According to reports, the Indian solar market added 1,869 megawatt (Mw) in the second quarter of 2017, bringing installations in the first half of the year to 4,765 Mw. This figure surpasses the 4,313 Mw installed in all of 2016.
Mercom India Research shows that in the first half of 2017, large-scale solar installations made up 4,290 Mw (90 per cent) and rooftop installations constituted 475 MW (10 per cent) of total installations.
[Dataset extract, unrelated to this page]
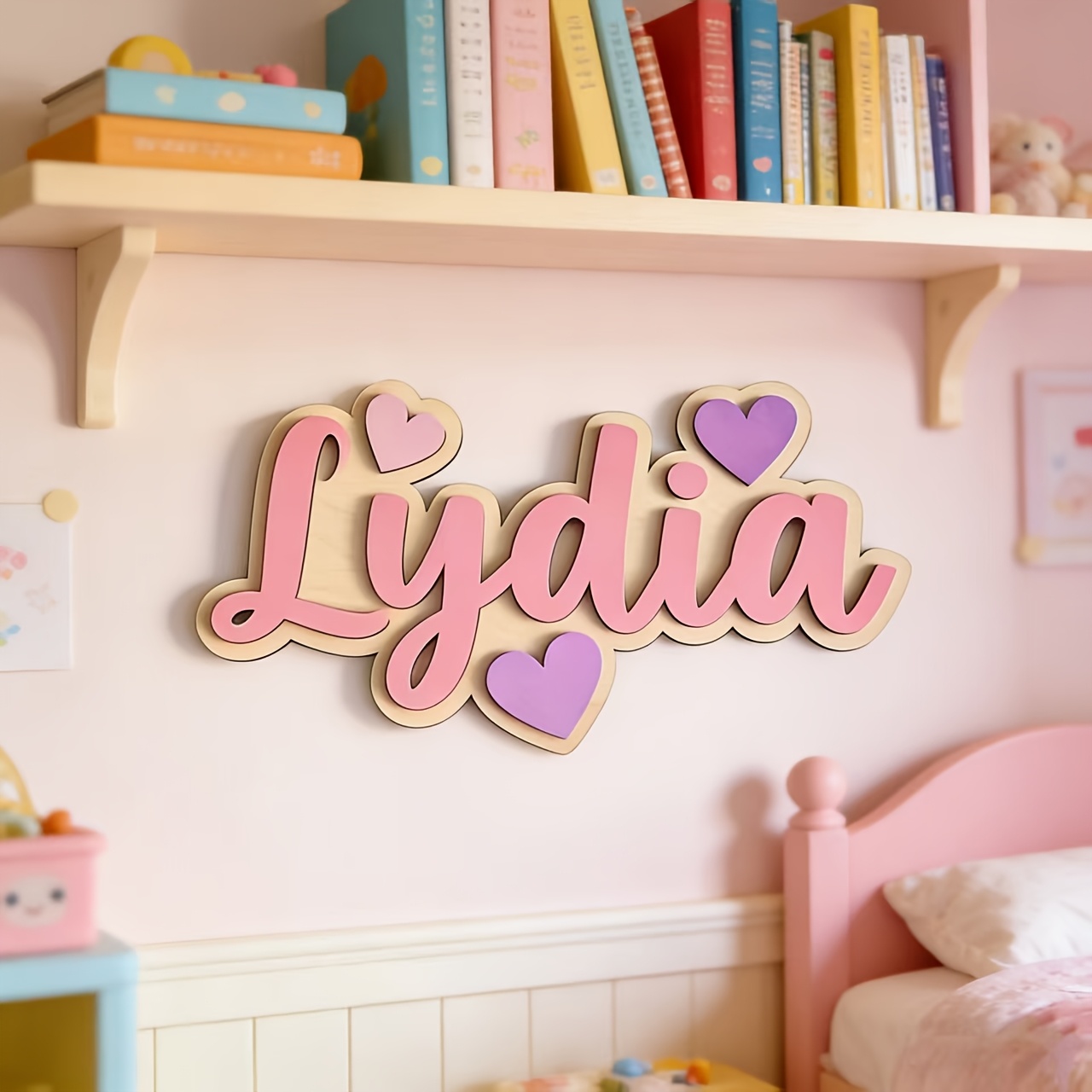 Personalized Gradient Heart Na - đánh giá và giá Baby Nursery Pink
Cumulative solar rooftop installations crossed a significant milestone of 1 Gw at the end of Q2 2017.
The Indian solar market had its best first half and is on pace to have its best year, said Raj Prabhu, CEO and Co-founder of Mercom Capital Group.
However, uncertainty around Goods and Services Tax (GST) rates, utilities renegotiating to get better rates, and the recently initiated anti-dumping case has stalled momentum in the sector and could have a significant negative effect on installations in 2018, said Prabhu.
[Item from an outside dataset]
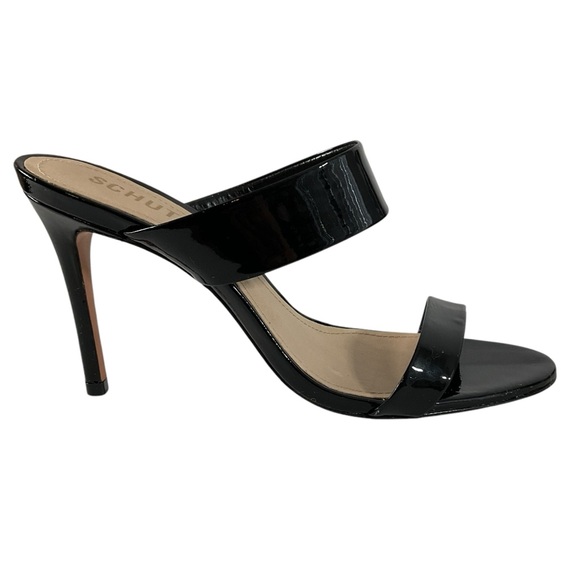 Schutz Black Patent Leather Strappy Heeled Sandals Size 7.5B Made in Brazil - Picture 4 of 12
Andhra Pradesh became the first state in India to install over 2 Gw of solar power.Currently, seven states have exceeded 1 Gw of solar installations.
The pipeline of Indian utility-scale projects under construction is currently 12.2 Gw, with about 6.3 Gw of tenders pending to be auctioned.
Solar projects amounting to around 3.4 Gw were tendered in the second quarter of 2017, compared to 1.85 Gw in the first quarter this year. There were 2.5 Gw of solar projects auctioned in Q2 2017, compared to 1.3 Gw in Q1 2017.
The lowest bid in solar reverse auctions declined significantly by about 26 per cent from the first quarter to the second quarter of 2017 and average large-scale solar project costs in Q2 2017 were approximately Rs 4 crore ($0.62 million) per Mw.
The research firm forecasts 2017 installations to reach 10.5 Gw, which would be a 144 per cent increase year-over-year compared to the 4.3 Gw installed last year.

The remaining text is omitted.